- Born: August 31, 1923 Kinston, North Carolina, U.S.
- Died: December 10, 2012 (aged 89) Columbia, South Carolina, U.S.
- Education: University of North Carolina at Chapel Hill (B.A.)
- Years active: 1979–2005
- Spouses: ; Diana Jayne Elliott ​ ​(m. 1951; died 1984)​ ; Carolyn Frances Ramsay ​ ​(m. 1985)​
- Children: 2

= Ed Grady =

American actor (1923–2012)

Edward Louis Grady (August 31, 1923 – December 10, 2012) was an American stage, film and television actor and teacher.

==Early life==
Grady was born to Eddie Jones Grady and Maude Clara (née Hodges) Grady on August 31, 1923, in Kinston, North Carolina. He graduated from Grainger High School in Kinston. Grady enlisted in the Army Air Force during World War II and trained as a cryptographer.

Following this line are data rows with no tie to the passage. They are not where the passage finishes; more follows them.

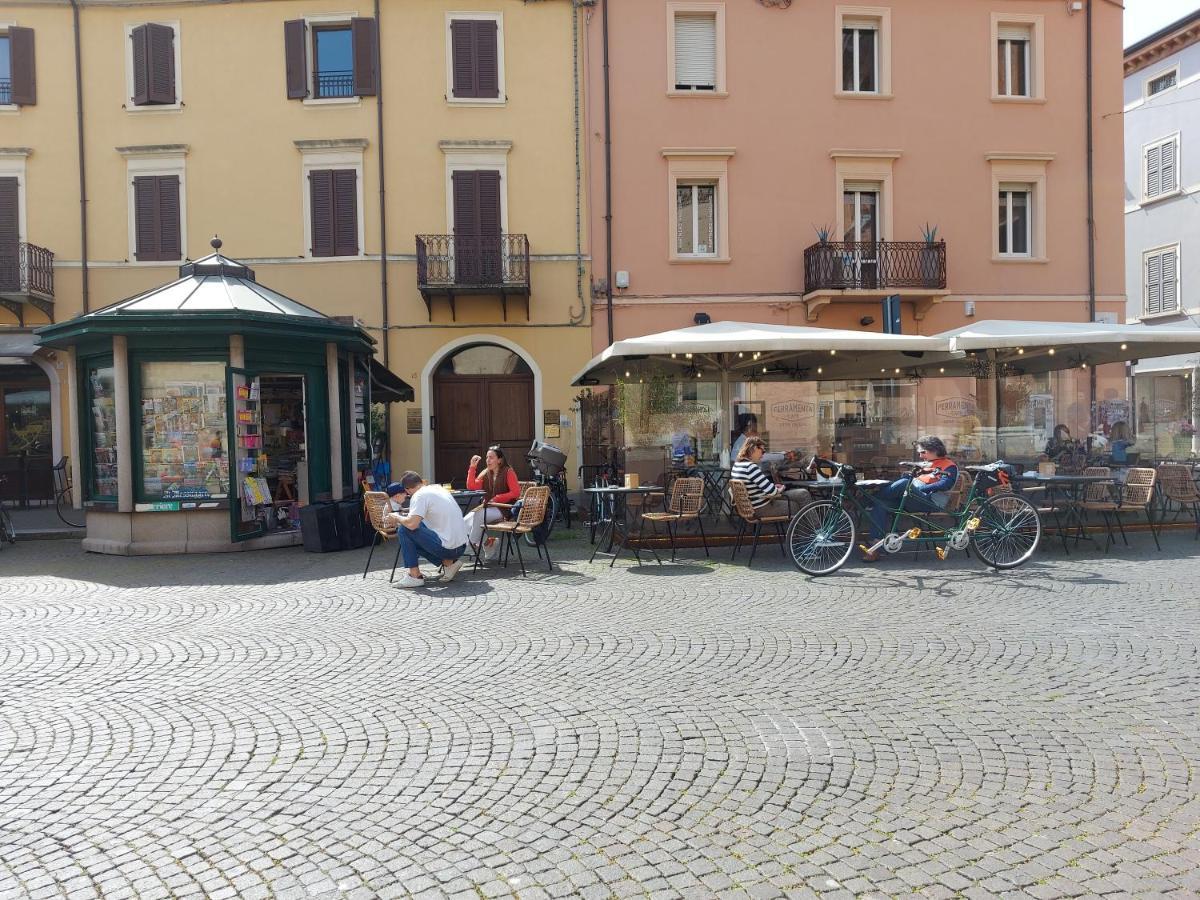 Appartamento In Piazza Cavour Centro Storico Rimini Extérieur photo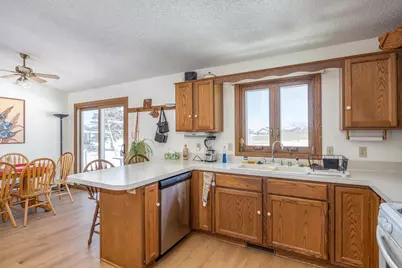 3200 S Huckleberry Lane, Appleton, WI 54915 - Photo 8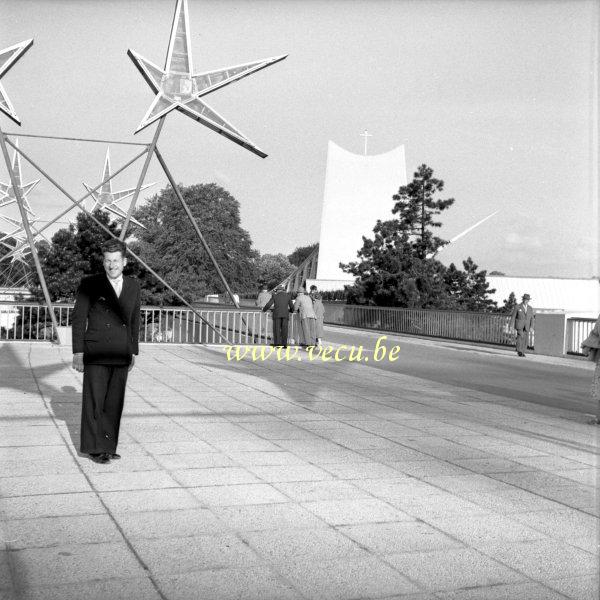 photo ancienne  de l'expo 58  Devant le pavillon du Vatican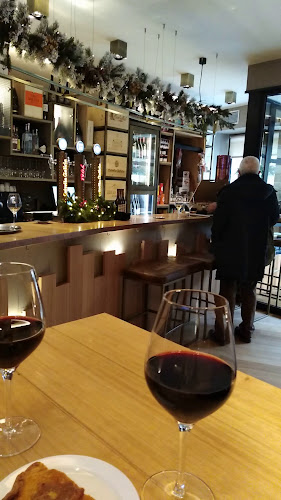 Opinii despre La Trastienda Sanxenxo în Sanxenxo - Gastronomía y hostelería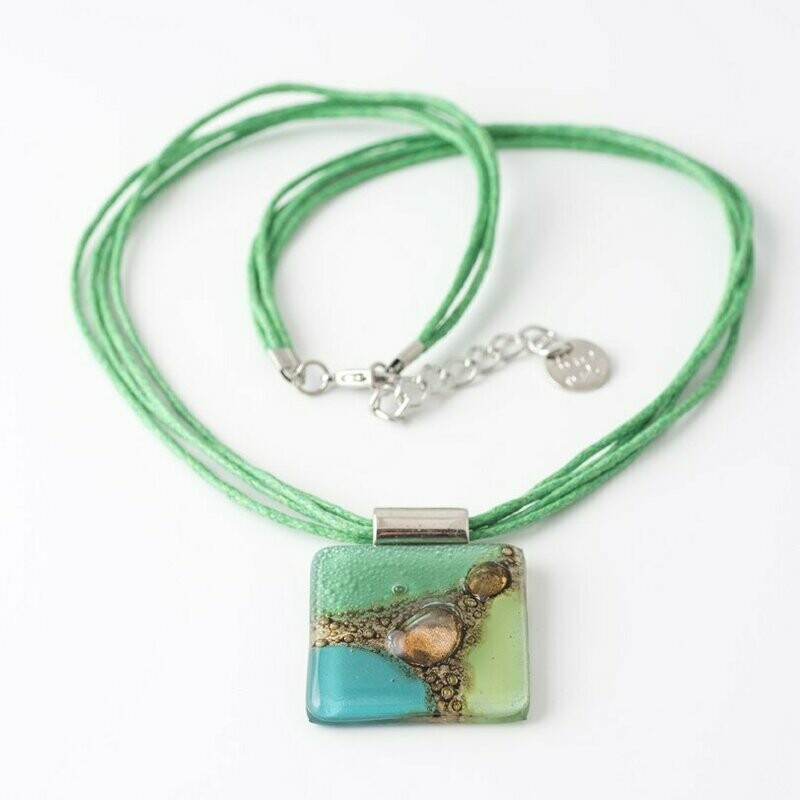 שרשרת קובה ירוק תכלת שרשרת קובה ירוק תכלת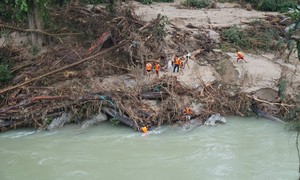 Một đoạn có nước chảy siết trên sông Leng.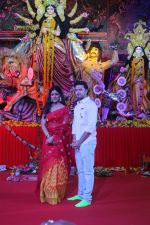 Ishita Dutta, Vatsal Seth at The North Bombay Sarbojanin Durga Puja In Vile Parle on 18th Oct 2018 (31)_5bc98bb3edcc0.JPG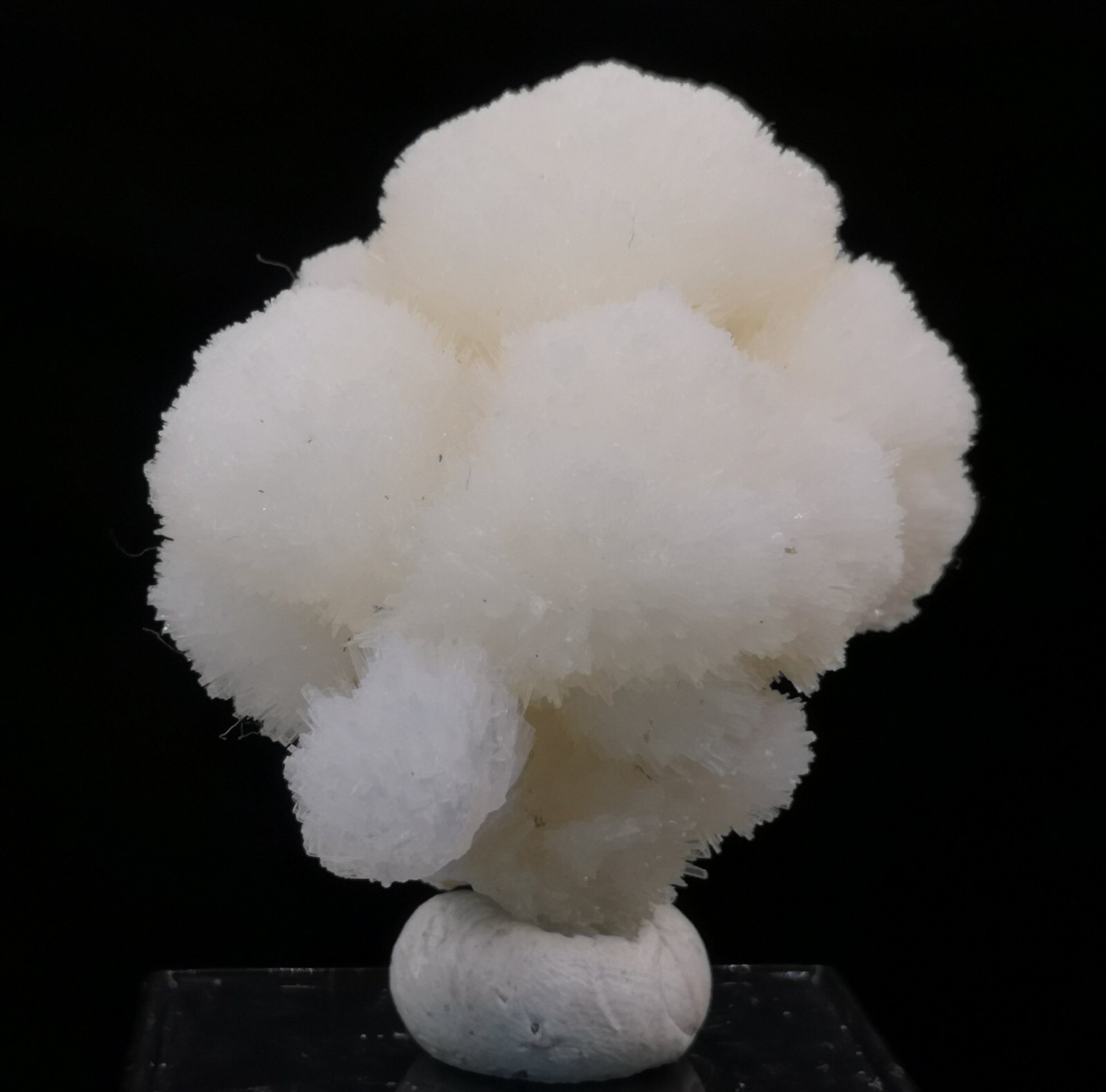 41mm 28g Calcite 360-degree-showy Natural Mineral Specimen from China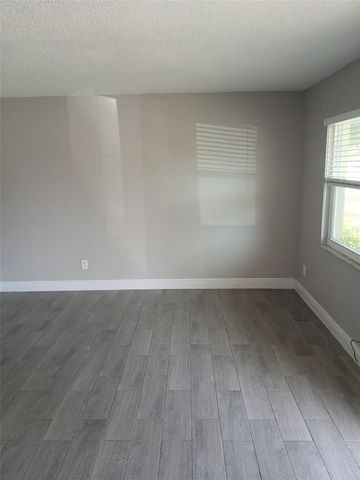 38939 NORTH AVENUE 2, Zephyrhills, FL 33542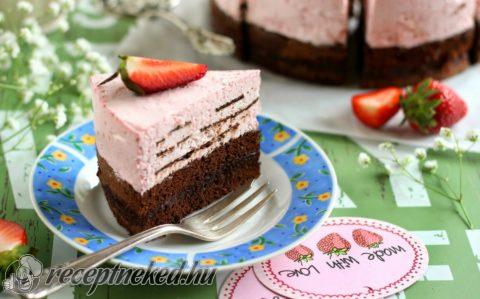 Csokoládés epermousse torta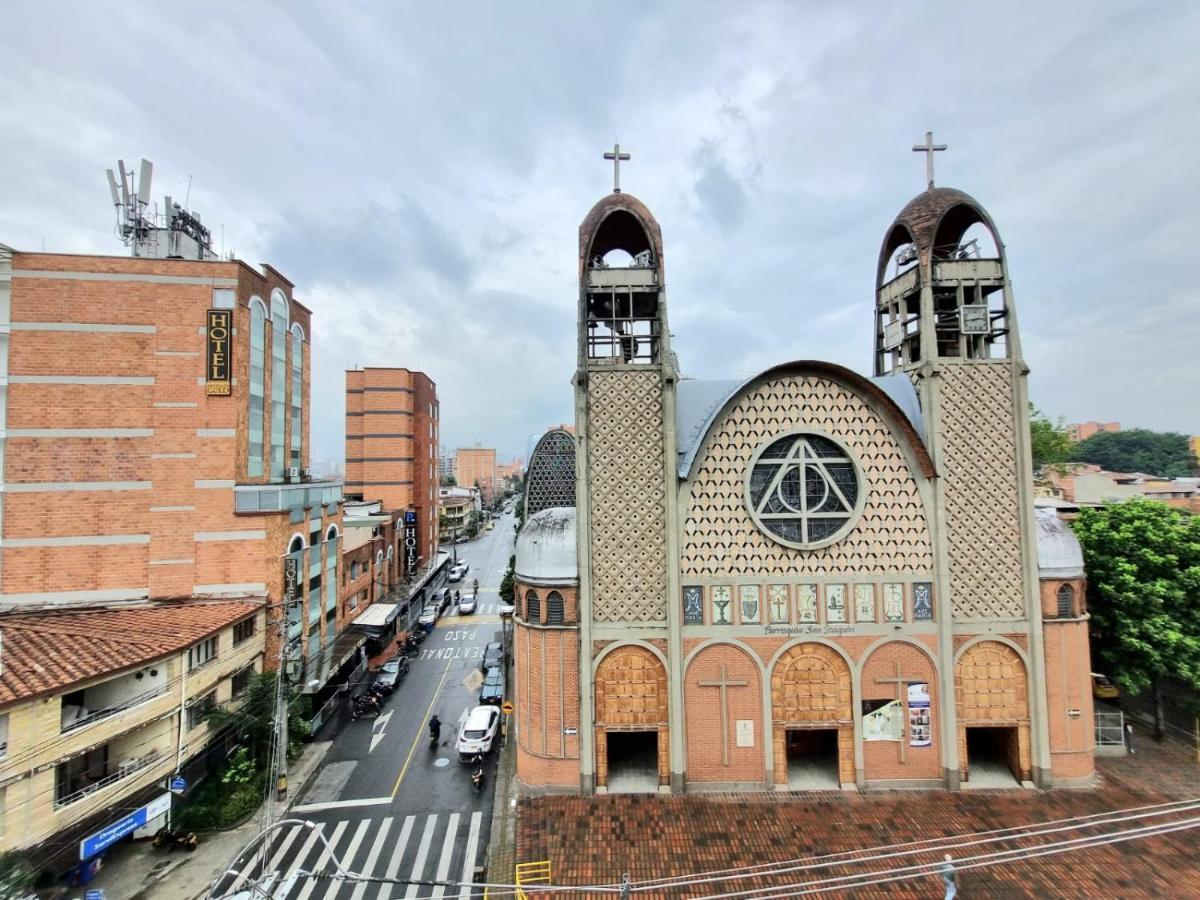 Origen Local * Medellin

He served on Ie Shima (Iejima) during the war, and was awarded the Soldier's Medal for rescuing the pilot of a P-47 which was on fire.

Grady received a Bachelor of Arts degree in theater and English from the University of North Carolina at Chapel Hill (UNC) after World War II. He was the member of the Carolina Playmakers at the Playmakers Theatre while studying at UNC. Grady later became an English teacher in New York City, where he also taught a photo workshop held at Columbia University.

==Acting and teaching==
Grady's film credits included A Simple Twist of Fate in 1994, Lolita in 1997, and The Notebook in 2004. His television roles included the 1993 television miniseries, Alex Haley's Queen; the 1993 Hallmark Hall of Fame television movie, To Dance with the White Dog; as well as a string of series including In the Heat of the Night, I'll Fly Away, Matlock, and Dawson's Creek, in which he had a recurring role as Gramps Ryan.

Grady's theater roles included three seasons at Unto These Hills, an outdoor Cherokee historical drama staged in Cherokee, North Carolina. Grady portrayed Drowning Bear in the play, which follows the story of the Eastern Band of Cherokee Indians.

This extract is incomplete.